Sunday, April 03, 2005

the best and the worst

My 13 year old son and I flew to Washington, D.C. on Thursday night to visit my dear friend Reya. I had planned to come alone, but she and her housemates made me realize that Casey would be warmly welcomed, and given it was spring break for Casey, what better than to give him a chance to see the nation's capitol!


Casey is in seventh grade, the year that his progressive school apparently feels that kids need to wake up and smell the fascism. He started the year out studying the Roman Empire, with every paper and assignment carrying the lesson of learning from history, and noticing how what happened then is happening in the here and now. That lesson being learned, they now have started studying the holocaust. Visiting Washington brought both of these subjects together, as it clearly headquarters our empire's government, and also is home to the Holocaust Museum.


As a child, I was sexually abused in our family’s bomb shelter. I learned early on that the world was not safe. Casey is having a different childhood. But the world at large has certainly become no safer or saner. He has grown up in a community of visionaries; social and environmental activists, witches who work between the worlds to change things in this world. And although many of us still remain fiercely optimistic, the vision of what is coming in our lifetime is not hopeful. In the last couple of years, if a room full of grown ups has been talking about environmental Armageddon or the inevitable fall of our empire, he will either leave, or actually yell at us to stop. He's told me repeatedly that what he likes about sports is that you basically know what's going to happen, there are defined rules which are followed, there's still some excitement wondering who will win or lose, yet nobody dies. It has a ritual safeness to it, unlike our world.


So, here we come to Washington, the city that so many around the world are aiming their hate at. Casey says it feels jittery. He's right.


After getting the lay of the land, we went to the Holocaust museum on Friday. From the beginning, it is set up to replicate a feeling of disorientation and crowded isolation.
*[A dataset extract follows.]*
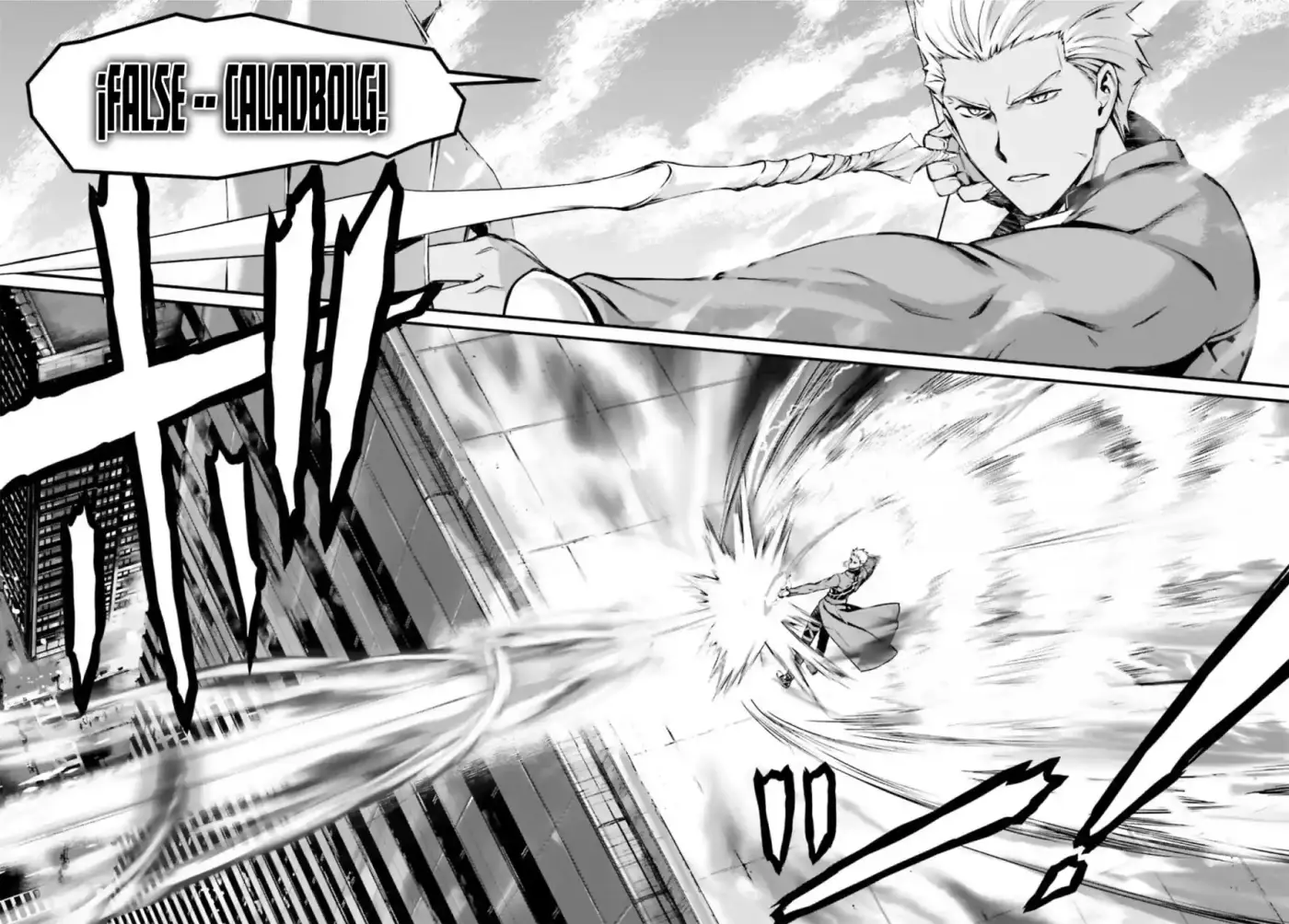 Fate/stay Night: Unlimited Blade Works - Capítulo 7 - Página 13 - LectorTMOo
We had to work hard not to get separated as we were herded into small elevators. We then were both handed an identification book, each of us given the life/identity of someone who was in the holocaust, which we both could follow as we went through the museum. Reya had warned me about this, and how everyone of the many people she knows who have visited the museum, except one, were given identities which turn out to have died by the time the museum tour is over. And the stories on the identity cards are real. I was a young gypsy woman; Casey was a young Jewish boy. Towards the end of the museum tour, we sat in a little theatre and watched on ongoing film that had survivors talking about their experiences, of what they went through and how they survived. Later I realized the brilliance of the curator in ending the tour with the stories that focused on the strength of the human spirit, the moments when the best of humanity shines through the horror. We both recognized the story of one of our housemate's family friends, who ended up marrying the American soldier who "liberated" her from a camp. Seeing her kind face and hearing her warm voice as she told the story we have heard several times from Ilyse touched us both. It felt like such a small, tender world. We then opened our identification book and read the fate of the life we had followed through the Holocaust. Amazingly and surprisingly, both had survived, both may still be alive.

The world may never have been or ever will be a “safe place”. The struggle between the worst of human traits and the best can probably be found in every culture or time period, but in some cultures and times the worst seems to have gotten the best of almost everybody. Yet, I'm amazed at the power of the best, how it inevitably does seem to get the best of the worst, how love actually is more persistant than hate, although not quite so lethal. I left the museum feeling the woven strands of protection, love, and tenderness that make up the rope that tugs at my heart for my son, that connects me to him on into the future and beyond. I know that given the worst, my son has the best in him. This makes me feel safe. What a trip this is turning out to be.